Web page caption snippets:
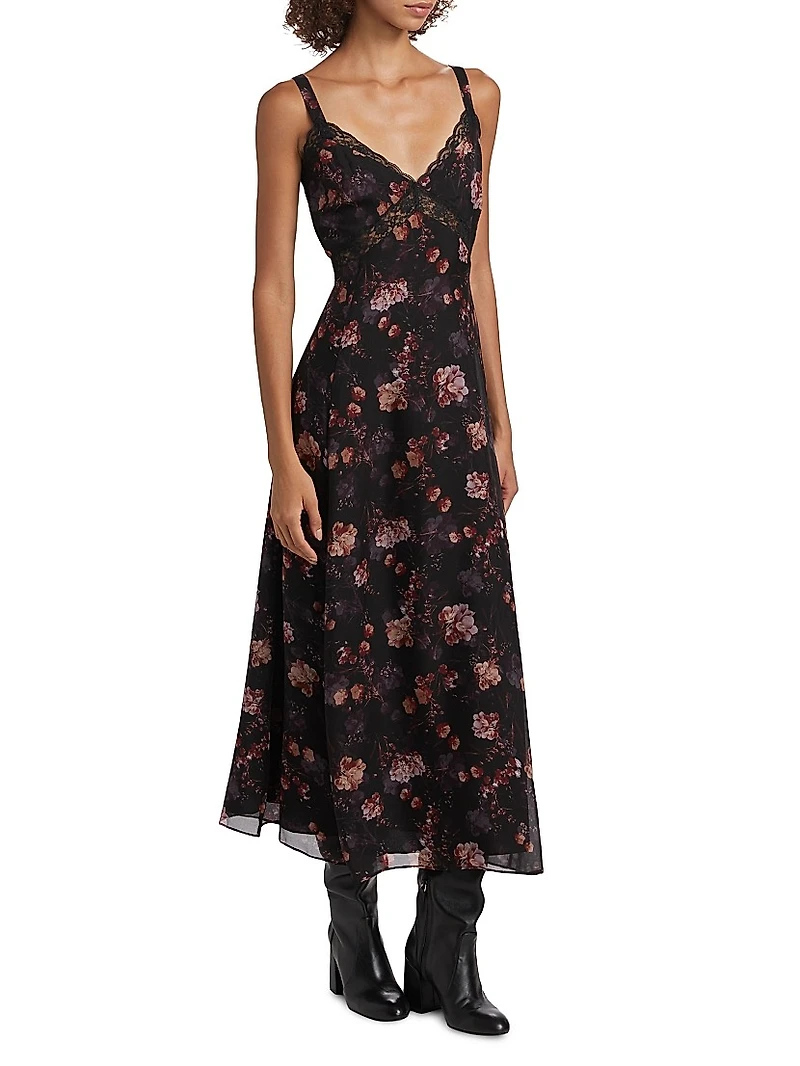 Nairobi Floral Silk Sleeveless Maxi Dress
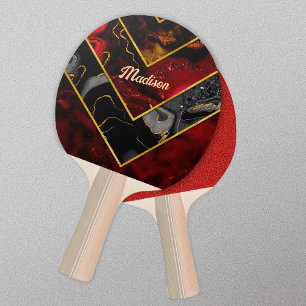 Elegantes rotes, gürtelförmiges Gold Tischtennis Schläger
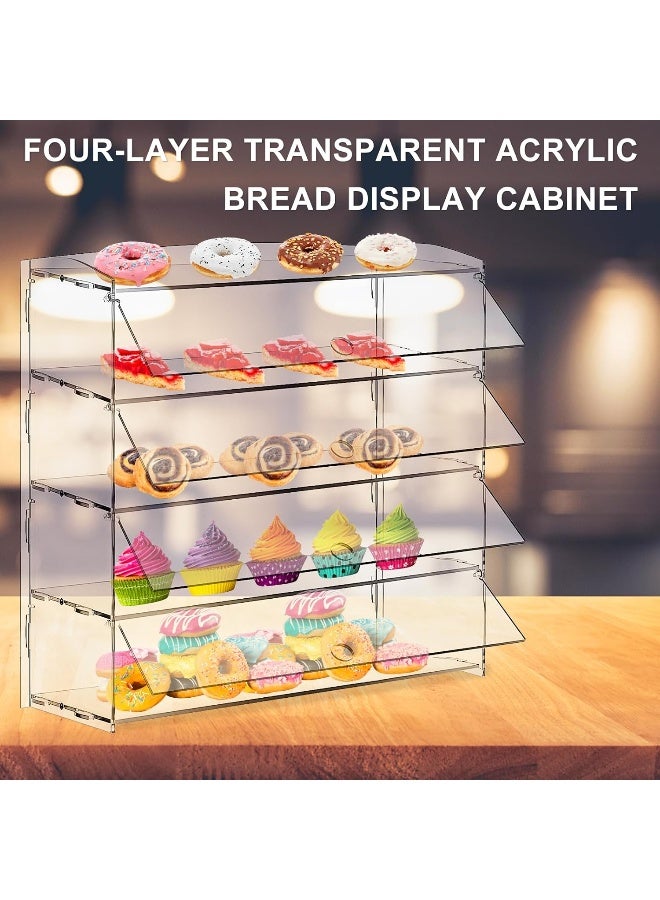 TPGP حافظة عرض المعجنات TPGP 4 صينية من الأكريليك، خزانة عرض المخبوزات، رف عرض الكعك القابل للإزالة، حافظة عرض الكب كيك، طاولة عرض للبيع مع ملقط تقديم الكعك للحفلات والمقاهي والمخابز - Image 5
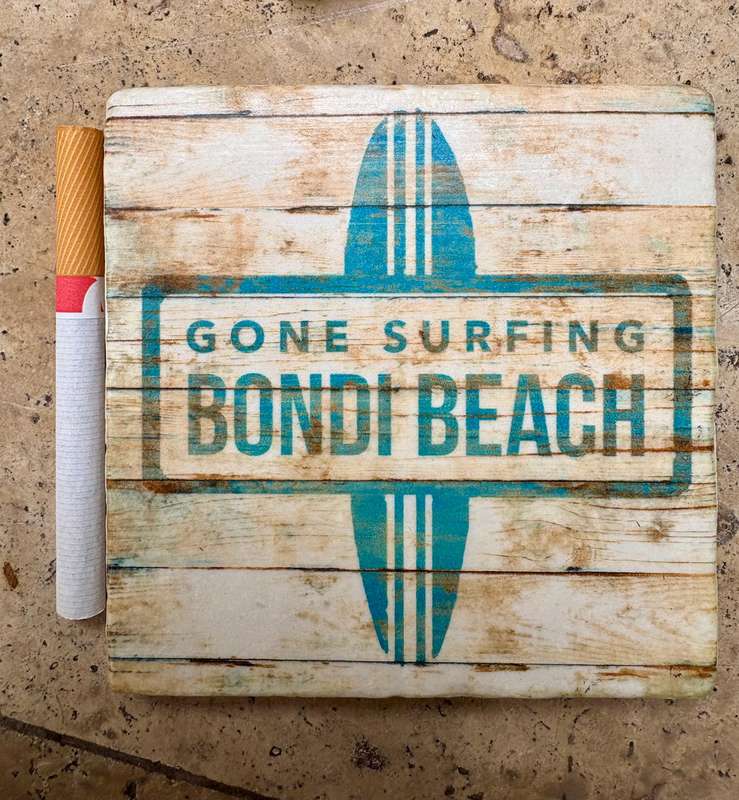 Bondi beach surf tile  coaster set of 4 , sandy bay designs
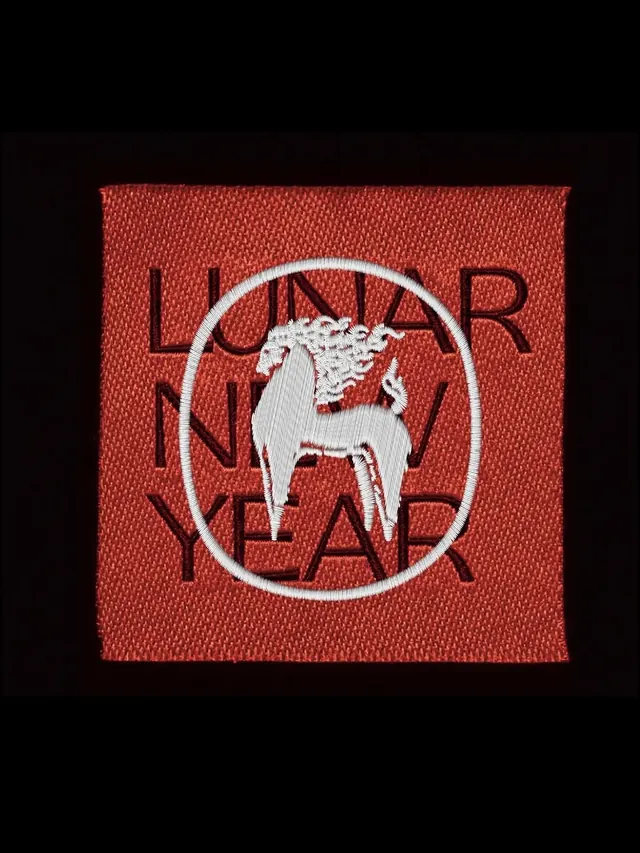 Lunar New Year embroidered textile patch in burnt orange, retro, illustrated, warm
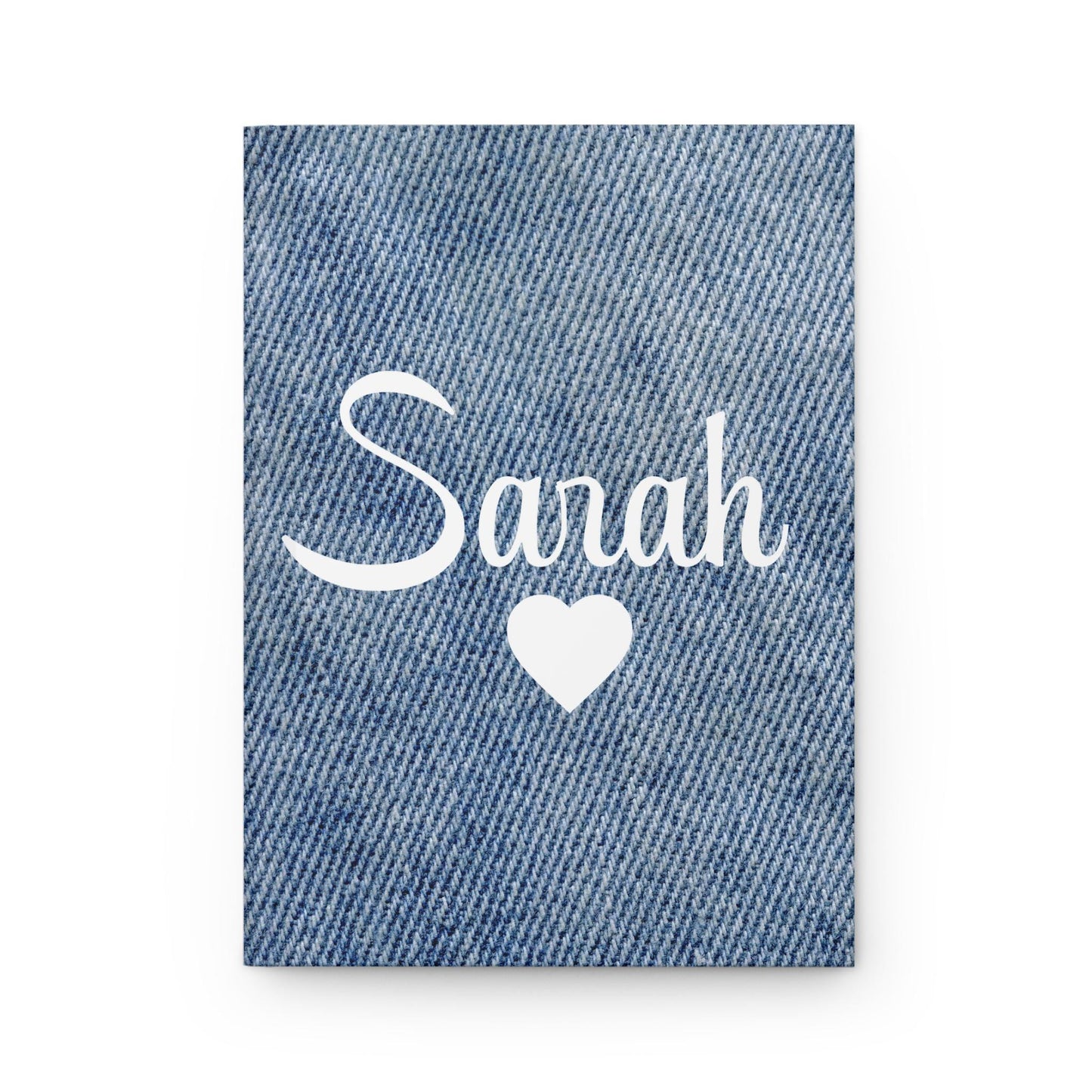 Denim Print Hardcover Journal, Personalized Name Matte Notebook, Gift for Writer, Scrapbook, Custom Diary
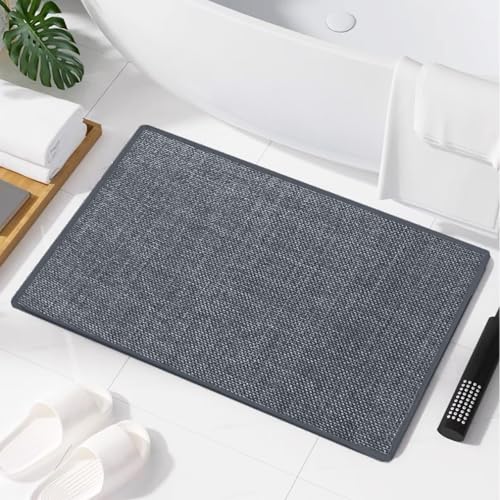 LeKuni Tapis de Bain Antidérapant 60X40cm Ultra Fin Absorbant, de Douche Séchage Rapide et Sortie de Douche, Antidérapant Cuisine - Gris Foncé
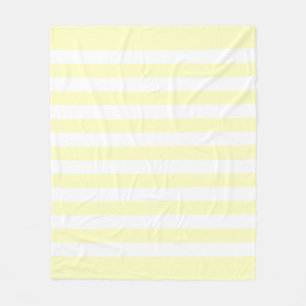Couverture Polaire Jaune pastel doux et motif à lignes blanches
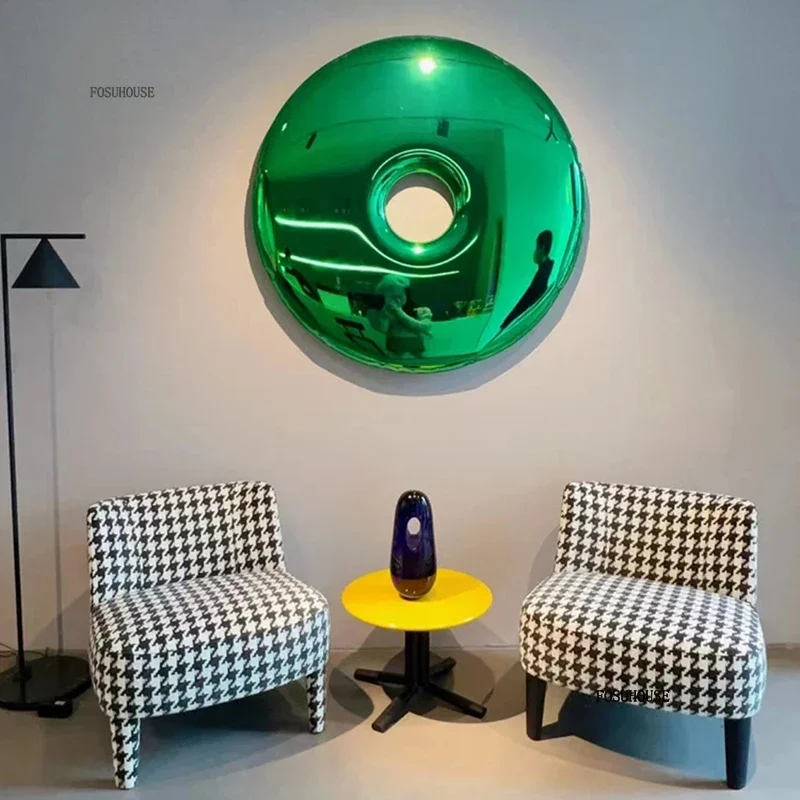 European Stainless Steel Wall Decor for Home Decoration Light Luxury Background Wall Decoration Donut Shape Living Room Decor 3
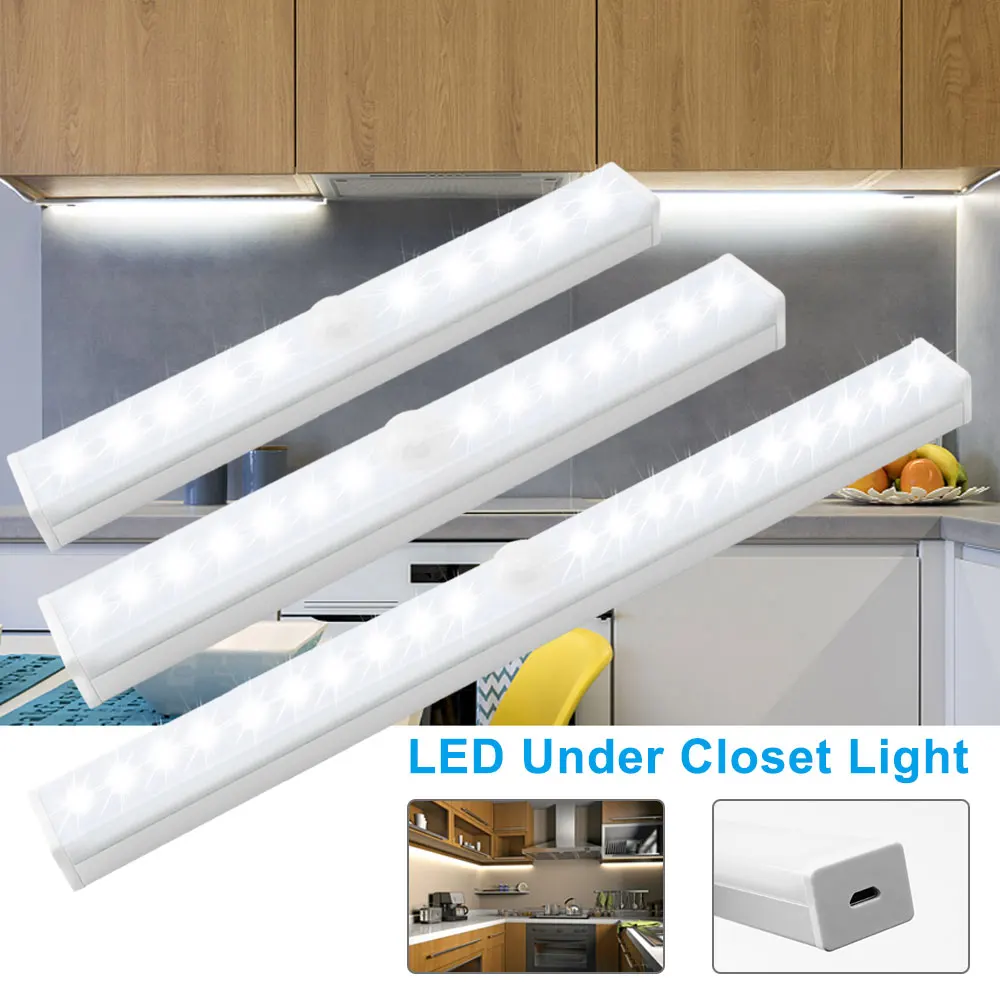 

USB Motion Sensor Light 5V DC Cabinet Light Rechargeable Battery Light Lighting LED Light Lamp Night Lights for Kitchen Bedroom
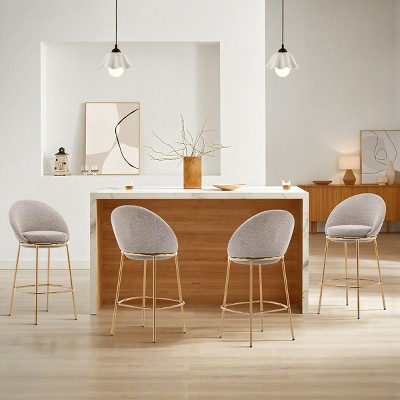 Counter Height Barstools Set of 4,Cafe Barstools with Metal Frame and Upholstered Round Seat,Modern Metal Kitchen Island Bar Chairs-Coolbibila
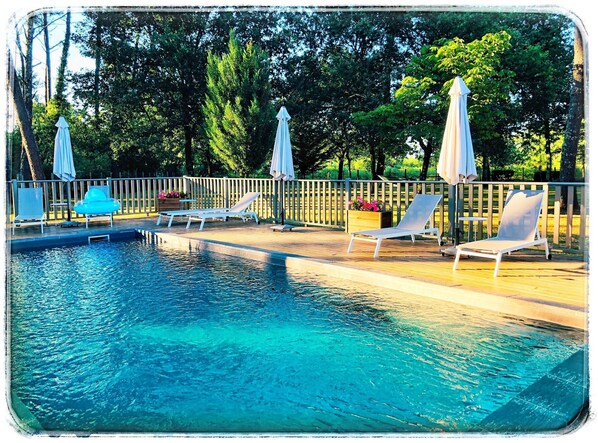 Outdoor pool, a heated pool, pool loungers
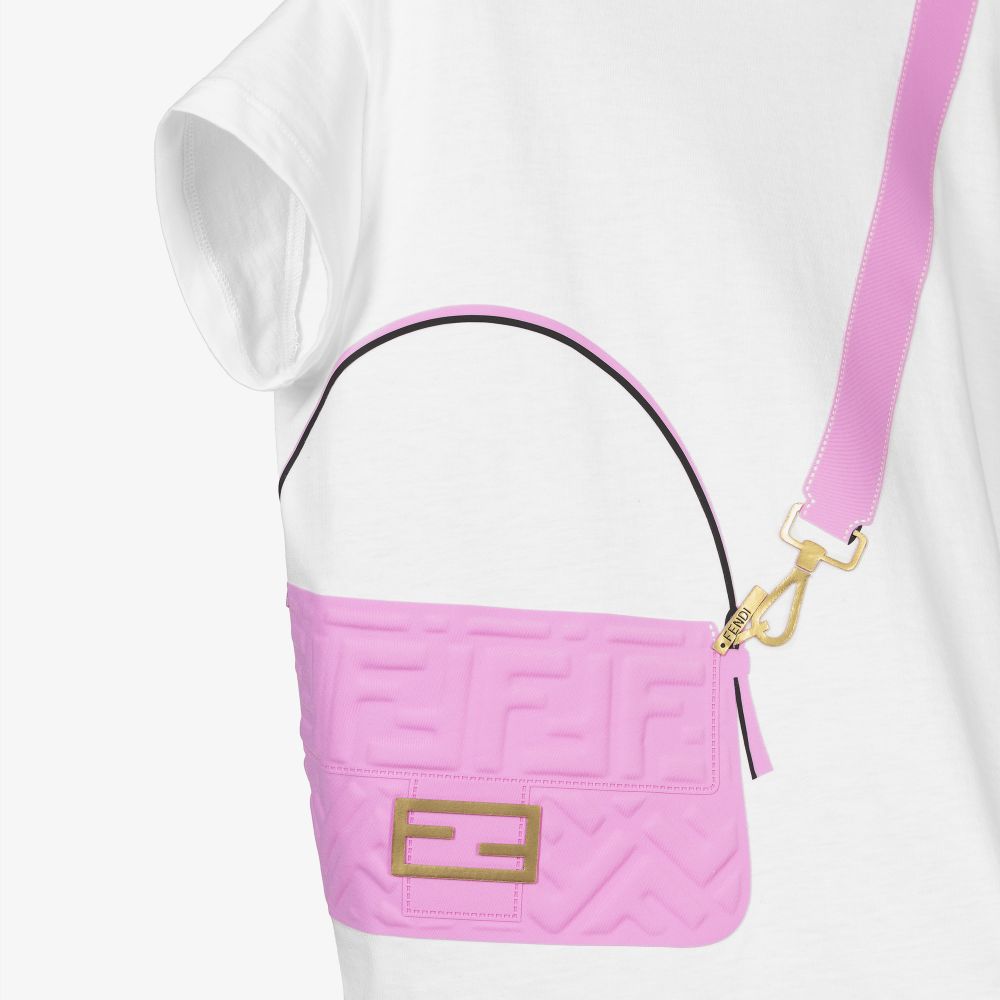 Fendi-White & Pink Bag T-Shirt  | Childrensalon Outlet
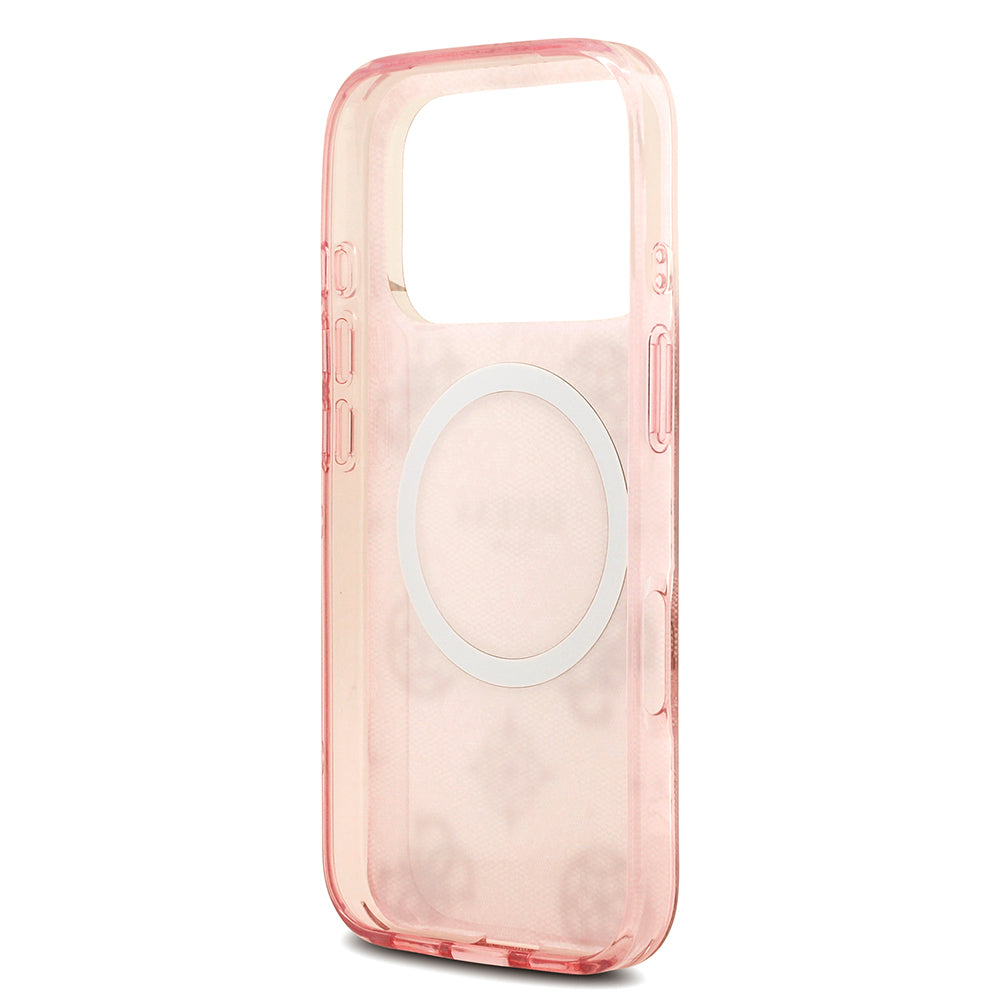 iPhone 18 Pro Max Kılıf Guess Orijinal Lisanslı M-safe Şarj Özellikli IML Peony ve 4G Desenli Klasik Logolu Kılıf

-- Task objective --
The response must repeat exactly the lines above from the one with "Denim Print Hardcover" through the one with "USB Motion Sensor", including both, and must contain no pictures and no other text.

-- Written response --
 Denim Print Hardcover Journal, Personalized Name Matte Notebook, Gift for Writer, Scrapbook, Custom Diary
 LeKuni Tapis de Bain Antidérapant 60X40cm Ultra Fin Absorbant, de Douche Séchage Rapide et Sortie de Douche, Antidérapant Cuisine - Gris Foncé
Couverture Polaire Jaune pastel doux et motif à lignes blanches
 European Stainless Steel Wall Decor for Home Decoration Light Luxury Background Wall Decoration Donut Shape Living Room Decor 3

USB Motion Sensor Light 5V DC Cabinet Light Rechargeable Battery Light Lighting LED Light Lamp Night Lights for Kitchen Bedroom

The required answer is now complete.